Cet article est le premier d’une série de trois ayant pour ambition d’analyser la dimension stratégique du renseignement à l'ère
de l'information, et l'importance que prend la communication au détriment du
secret, dans un cycle du renseignement nécessairement modernisé et plus attaché à la prévention qu'à l'intervention. L'indispensable adaptation du cycle du renseignement à la maîtrise en temps réel d'une information numérique surabondante, et en particulier de ses modes de capitalisation et de communication, doit pouvoir s'appuyer sur une base théorique solide à laquelle les "sciences de l'information et de la communication" sont à n'en pas douter susceptibles d'apporter le soutien d'une discipline universitaire reconnue.

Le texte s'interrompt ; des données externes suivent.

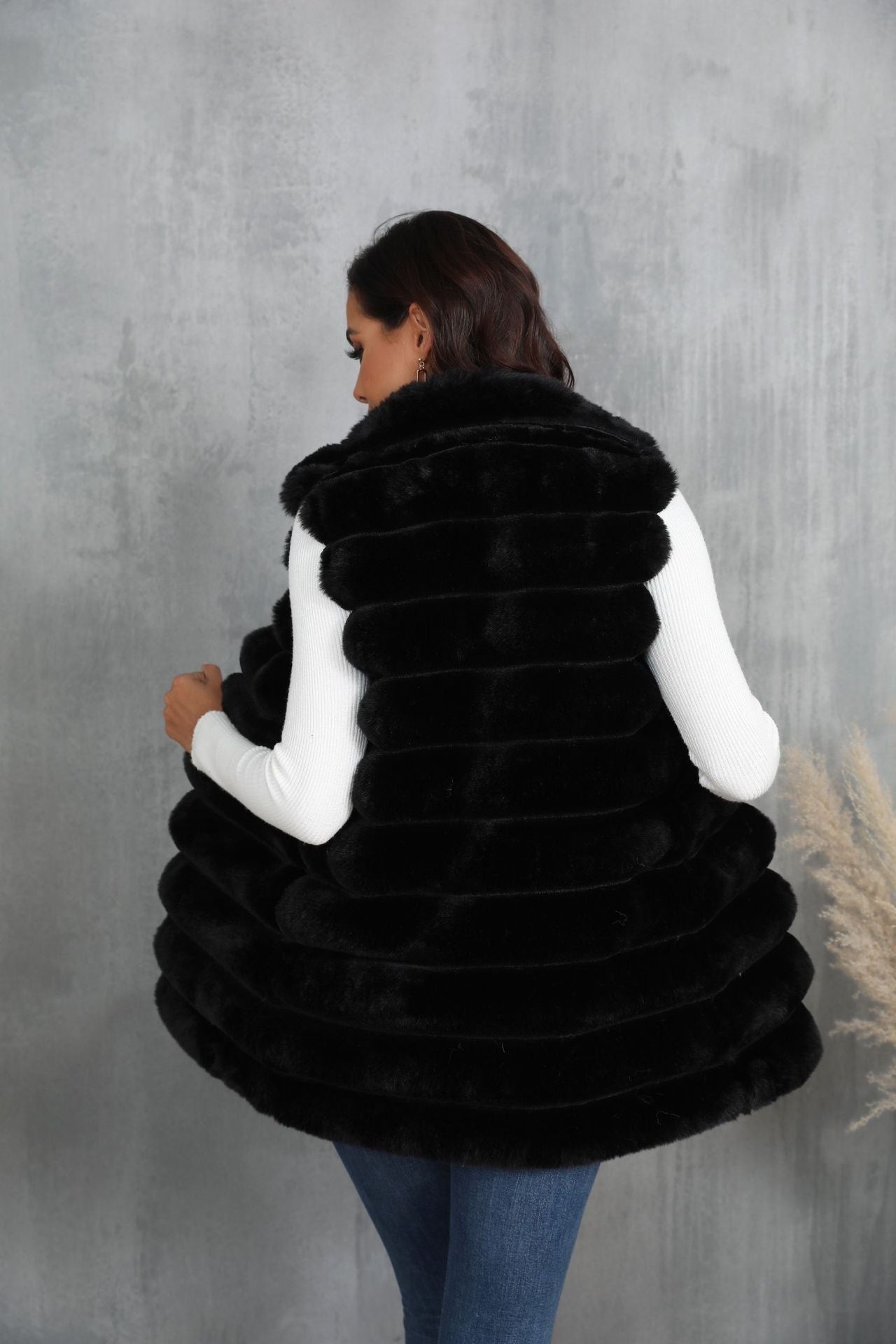 Mid-length Autumn And Winter New Faux Fur Vest For Women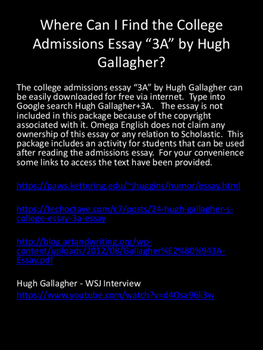 Nyu admissions essay hugh gallagher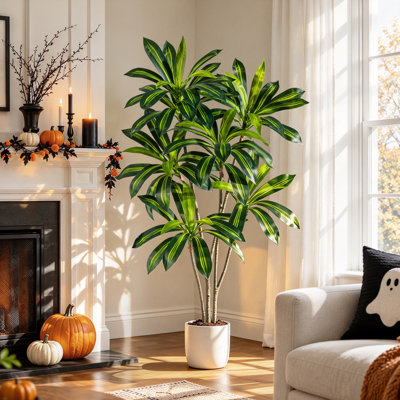 5-Foot Tall Artificial Dracaena Tree with White Planter Pot, UV-Resistant Lifelike Faux Floor Plant with Striped Leaves for Living Room, Bedroom, Office & Indoor Outdoor Home Decor, Gifts for Halloween, Gifts for Christmas, Gifts for Thanksgiving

"connaître et anticiper" ?
Il faut s'étonner de cette paraphrase utilisée dans
les deux dernières éditions du Livre blanc sur la sécurité et la défense (2008
et 2013) pour désigner une grande fonction stratégique distinguant en son sein le
renseignement, de l’analyse stratégique et de la prospective. C'est là en effet
une curieuse formule pour désigner en réalité une fonction qui ressemble à s’y
méprendre au renseignement, tant il est vrai que ce dernier tire toute sa
substance de l’analyse et de la connaissance qui en procède pour anticiper et
éclairer ainsi le "champ de bataille". Cette étrange paraphrase
révèle en réalité une vision du renseignement particulièrement réductrice, qui
le limite à son seul recueil en environnement hostile et au secret qui s'y
attache, et le différencie ainsi de toute activité d’analyse appelant à
l'ouverture et aux échanges (la communication) jugés incompatibles avec le
secret dont on veut à tout prix l'entourer.